Eine zentrale Fehlannahme in der Vision des Internets als idealtypisches direkt-demokratisches Forum stellt ein Verständnis von Technologie als neutrales und beliebig einsetzbares Werkzeug dar. Damit wird der sozio-politische Kontext, in dem diese Technologien entwickelt und angeboten werden, ausgeblendet. Tatsächlich sind weder Online-Plattformen noch KI-basierte Tools reine technische Mechanismen oder Infrastruktur, sondern Ergebnis und Ausdruck der politischen und wirtschaftlichen Interessen Einzelner. Auch wenn das Internet und insbesondere soziale Medien gerne den Eindruck erwecken, ein demokratischer Raum zu sein, in dem sich Meinungen und Ideen frei entfalten können, besteht, ganz im Gegenteil, ein starkes Machtgefälle zwischen den beteiligten Akteur*innen.
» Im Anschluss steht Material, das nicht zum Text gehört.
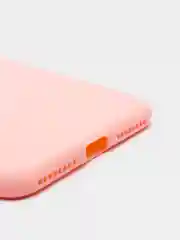 Розовый силиконовый чехол для iPhone 5/5s/se, 6/6s, 7/8, 7+/8+, X/Xs, Xs max, Xr, 11, 11 pro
Dabei stehen an oberster Stelle jene Personen, welche über die Rahmenbedingungen der digitalen Sphäre entscheiden. Aufgrund mangelnder staatlicher Kontrolle und der Logik des freien Marktes sind dies mittlerweile einige wenige private Konzerne.[3] Deren Geschäftsmodell scheint weniger auf das Ermöglichen eines deliberativ-demokratischen Austausch der Nutzenden, in welchem divergierende Standpunkte argumentativ verhandelt werden, abzuzielen. Vielmehr sind soziale Medien bewusst so gestaltet, die Aufmerksamkeit der Nutzenden möglichst lange zu binden und gewinnbringend zu vermarkten. Dazu werden den User*innen gezielt Inhalte präsentiert, die starke Emotionen wie Schock oder Angst hervorrufen und solche, die sie in ihrer Weltsicht bestätigen. Mit der zunehmenden Verlagerung des öffentlichen Diskurses in den digitalen Raum, fungieren diese Plattformen mittlerweile als zentrales Zugangstor zu politischen Debatten, Meinungsäußerung und Vernetzungsmöglichkeiten und können als “Torwächter der Demokratieausübung”[4] begriffen werden. Setzen diese großen Plattformanbieter[5] nun auch KI ein, um beispielsweise ihre Empfehlungssysteme und Algorithmen zu automatisieren, verschärft sich das Machtgefälle weiter.
Zudem hat sich in den letzten Jahrzehnten im Silicon Valley eine eigene intellektuelle Subkultur gebildet, die von einer Welt träumt, in der große Tech-Unternehmen, ungehindert von Staat oder Demokratie, über die Geschicke der Welt bestimmen. Der vermutlich einflussreichste Technokrat, Peter Thiel, verfolgt nach eigenen Angaben bereits seit den späten 90ern das Ziel, sich mithilfe von Technologie von der seiner Ansicht nach freiheitsbeschränkenden Demokratie und Politik zu befreien. Dabei stellte für Thiel seit jeher der Cyberspace eine vielversprechende Möglichkeit dar, der vermeintlich dysfunktionalen Realität zu entfliehen. Der Aufbau einer alternativen, virtuellen Realität sollte ermöglichen, Veränderungen der bestehenden sozialen und politischen Ordnung anzuregen und teilweise auch zu erzwingen, „ohne ständig die Menschen überreden oder überzeugen zu müssen“.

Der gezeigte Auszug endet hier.